For the deterministic PDEs, the main purpose of our method is to derive an effective equation for the multiscale problem. An essential ingredient is to decompose the harmonic coordinate into a smooth part and a highly oscillatory part of which the magnitude is small. Such a decomposition plays a key role in our construction of the effective equation. We show that the solution to the effective equation is smooth, and could be resolved on a regular coarse mesh grid. Furthermore, we provide error analysis and show that the solution to the effective equation plus a correction term is close to the original multiscale solution.

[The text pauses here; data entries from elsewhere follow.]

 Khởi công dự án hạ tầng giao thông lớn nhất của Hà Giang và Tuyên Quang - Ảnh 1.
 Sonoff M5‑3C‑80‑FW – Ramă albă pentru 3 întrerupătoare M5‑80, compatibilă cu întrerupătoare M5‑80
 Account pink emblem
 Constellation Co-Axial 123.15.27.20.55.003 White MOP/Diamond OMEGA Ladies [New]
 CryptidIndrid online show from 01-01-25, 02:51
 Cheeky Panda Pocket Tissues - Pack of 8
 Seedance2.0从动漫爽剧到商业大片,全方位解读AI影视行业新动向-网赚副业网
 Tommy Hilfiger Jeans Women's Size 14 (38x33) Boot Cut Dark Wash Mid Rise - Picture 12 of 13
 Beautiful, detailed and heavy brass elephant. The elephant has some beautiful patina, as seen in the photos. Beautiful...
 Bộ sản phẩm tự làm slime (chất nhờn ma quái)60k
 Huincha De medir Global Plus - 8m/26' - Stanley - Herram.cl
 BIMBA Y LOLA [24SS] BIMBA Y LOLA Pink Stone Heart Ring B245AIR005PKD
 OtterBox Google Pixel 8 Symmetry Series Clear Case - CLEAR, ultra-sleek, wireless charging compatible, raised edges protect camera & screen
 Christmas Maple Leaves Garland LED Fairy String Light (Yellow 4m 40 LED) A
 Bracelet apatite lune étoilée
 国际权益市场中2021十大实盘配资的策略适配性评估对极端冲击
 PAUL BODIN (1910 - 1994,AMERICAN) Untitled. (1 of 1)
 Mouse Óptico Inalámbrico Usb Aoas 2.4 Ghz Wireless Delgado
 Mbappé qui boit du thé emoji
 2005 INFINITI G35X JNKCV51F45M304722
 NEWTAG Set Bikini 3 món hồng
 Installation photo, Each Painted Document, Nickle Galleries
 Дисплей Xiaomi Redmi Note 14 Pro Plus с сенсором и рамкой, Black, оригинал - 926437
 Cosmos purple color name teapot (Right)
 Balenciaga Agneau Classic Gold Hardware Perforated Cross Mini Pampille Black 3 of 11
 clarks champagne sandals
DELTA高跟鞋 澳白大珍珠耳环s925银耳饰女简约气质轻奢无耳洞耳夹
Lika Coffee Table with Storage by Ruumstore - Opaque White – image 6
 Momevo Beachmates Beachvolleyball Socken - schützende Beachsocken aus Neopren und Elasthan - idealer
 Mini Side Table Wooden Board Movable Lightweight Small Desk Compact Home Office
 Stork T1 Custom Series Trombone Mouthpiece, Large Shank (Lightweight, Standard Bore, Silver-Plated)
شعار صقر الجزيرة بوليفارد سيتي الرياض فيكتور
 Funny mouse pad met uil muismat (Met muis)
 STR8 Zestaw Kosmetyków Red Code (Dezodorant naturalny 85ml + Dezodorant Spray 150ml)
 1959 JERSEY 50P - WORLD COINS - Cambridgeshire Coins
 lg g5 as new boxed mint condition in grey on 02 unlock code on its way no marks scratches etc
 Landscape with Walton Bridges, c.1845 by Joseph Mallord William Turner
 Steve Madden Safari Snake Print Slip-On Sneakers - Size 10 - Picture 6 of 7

For the stochastic PDEs, we propose the model reduction based data-driven stochastic method and multilevel Monte Carlo method. In the multiquery, setting and on the assumption that the ratio of the smallest scale and largest scale is not too small, we propose the multiscale data-driven stochastic method. We construct a data-driven stochastic basis and solve the coupled deterministic PDEs to obtain the solutions. For the tougher problems, we propose the multiscale multilevel Monte Carlo method. We apply the multilevel scheme to the effective equations and assemble the stiffness matrices efficiently on each coarse mesh grid. In both methods, the $\KL$ expansion plays an important role in extracting the main parts of some stochastic quantities.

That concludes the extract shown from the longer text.